The air is distinctly fragrant with balsam and resin and mint,—every breath of it a gift we may well thank God for. Who could ever guess that so rough a wilderness should yet be so fine, so full of good things. One seems to be in a majestic domed pavilion in which a grand play is being acted with scenery and music and incense,—all the furniture and action so interesting we are in no danger of being called on to endure one dull moment. God himself seems to be always doing his best here, working like a man in a glow of enthusiasm.As soon as the boundary of the old eaten-out range was passed the hungry horde suddenly became calm, like a mountain stream in a meadow.

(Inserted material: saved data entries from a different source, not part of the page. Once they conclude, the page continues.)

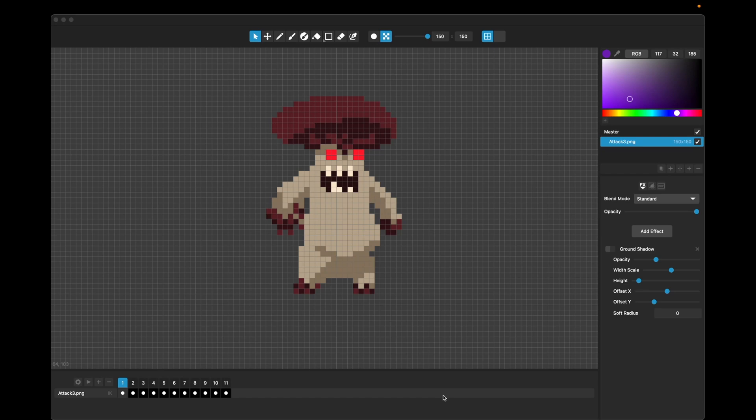Alright, so this is Pixelmash 2024.2, and in this release, we've added a bunch of new features.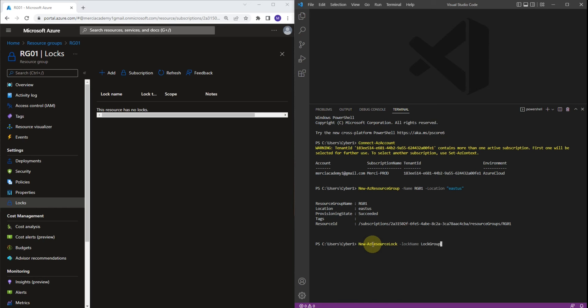And the lock level is going to be CannotDelete. So let's type it: CannotDelete. Now let's provide the resource group name. The resource group name is going to be RG01.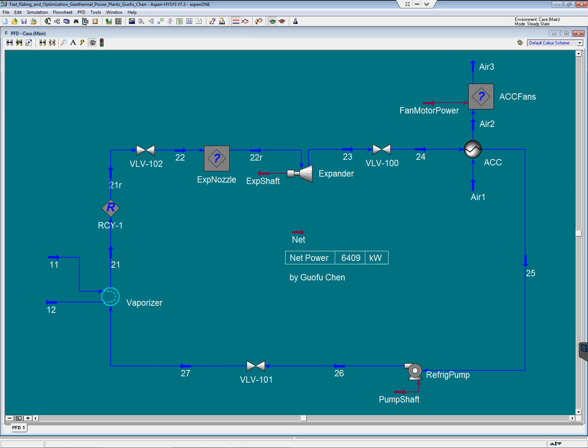Series 201 shows how a fast rating and optimization of geothermal power plants can be done. Thanks for watching this geothermal power plants modeling series. This video is brought to you by Guo Fu Chen.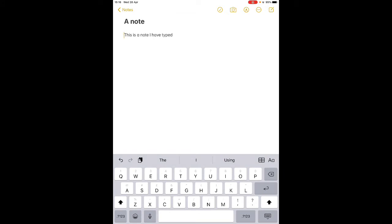The first one which is a circle with a tick in it gives you a circle next to your thing, so if that was a shopping list and you've got the item, tap in the circle and it'll tick it and you know you've got it.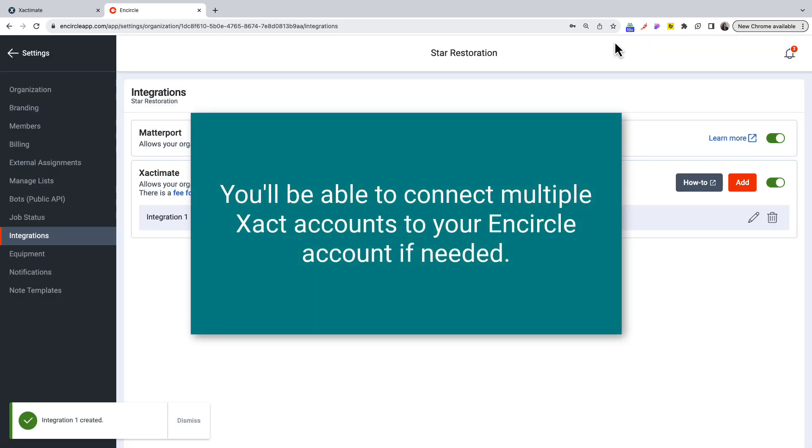Note that you'll be able to connect multiple Xact accounts to your Encircle account if needed.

Thenceforward they were allowed to eat their way as slowly as they wished, care being taken only to keep them headed toward the summit of the Merced and Tuolumne divide. Soon the two thousand flattened paunches were bulged out with sweet-pea vines and grass, and the gaunt, desperate creatures, more like wolves than sheep, became bland and governable, while the howling drivers changed to gentle shepherds, and sauntered in peace.

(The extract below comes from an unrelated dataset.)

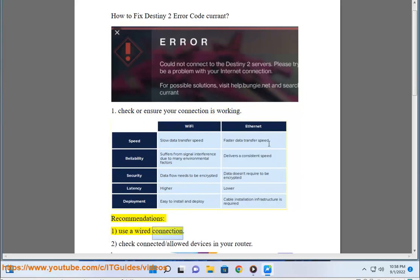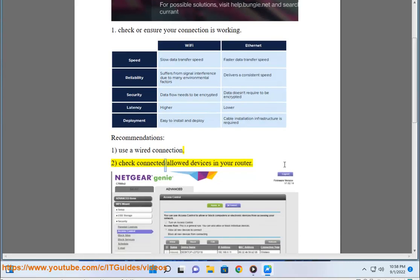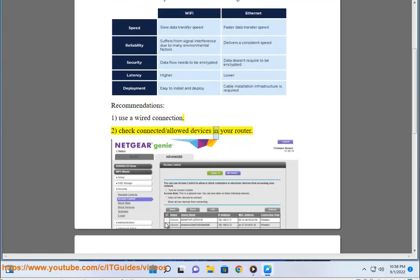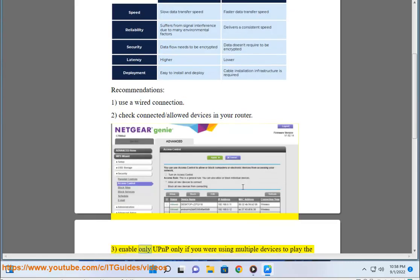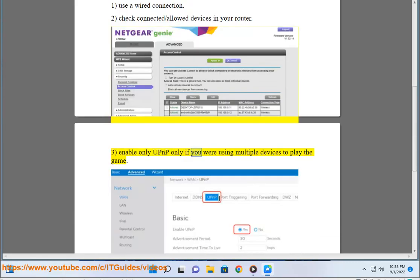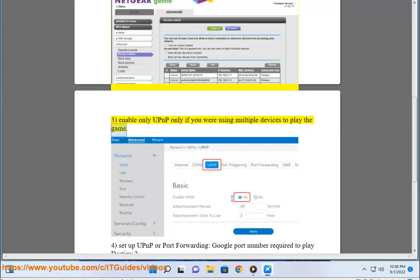1. Use a wired connection. 2. Check connected and allowed devices in your router. 3. Enable UPnP only if you are using multiple devices to play the game.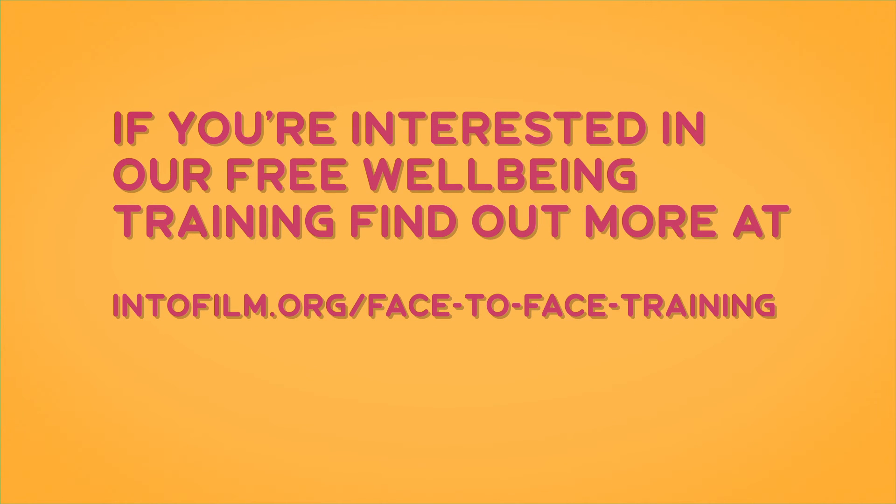If you're interested in our free wellbeing training, find out more at intofilm.org/face-to-face-training.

The sick sheep are getting well, and the shepherd is discoursing on the various poisons lurking in these high pastures—azalea, kalmia, alkali. After crossing the North Fork of the Merced we turned to the left toward Pilot Peak, and made a considerable ascent on a rocky, brush-covered ridge to Brown’s Flat, where for the first time since leaving the plains the flock is enjoying plenty of green grass. Mr. Delaney intends to seek a permanent camp somewhere in the neighborhood, to last several weeks.

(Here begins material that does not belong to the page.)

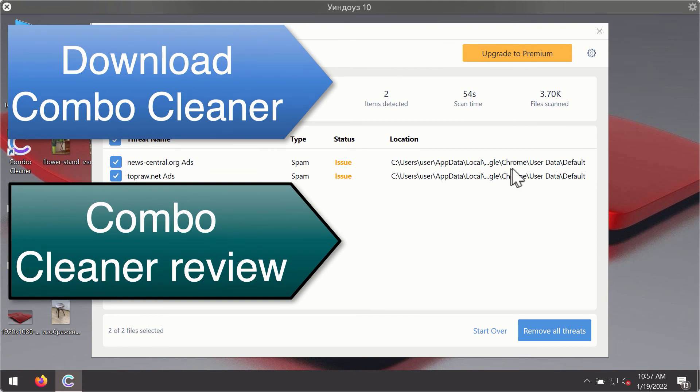You'll be able to remove each threat manually by going to these locations, or you may consider upgrading to the premium license to remove these threats automatically, immediately, and effectively.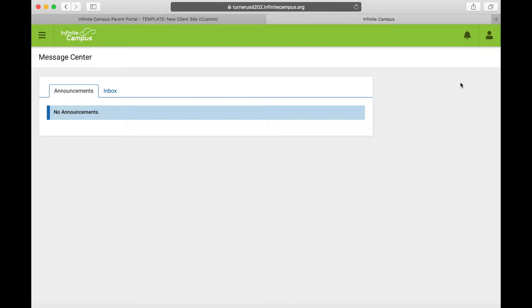Hello and welcome to Tech Tuesday with Wade and Travis. Today we are going to show you how to load money into your student's food account.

The woods we passed through are composed almost wholly of Abies magnifica, the companion species, concolor, being mostly left behind on account of altitude, while the increasing elevation seems grateful to the charming magnifica. No words can do anything like justice to this noble tree. At one place many had fallen during some heavy wind-storm, owing to the loose sandy character of the soil, which offered no secure anchorage. The soil is mostly decomposed and disintegrated moraine material.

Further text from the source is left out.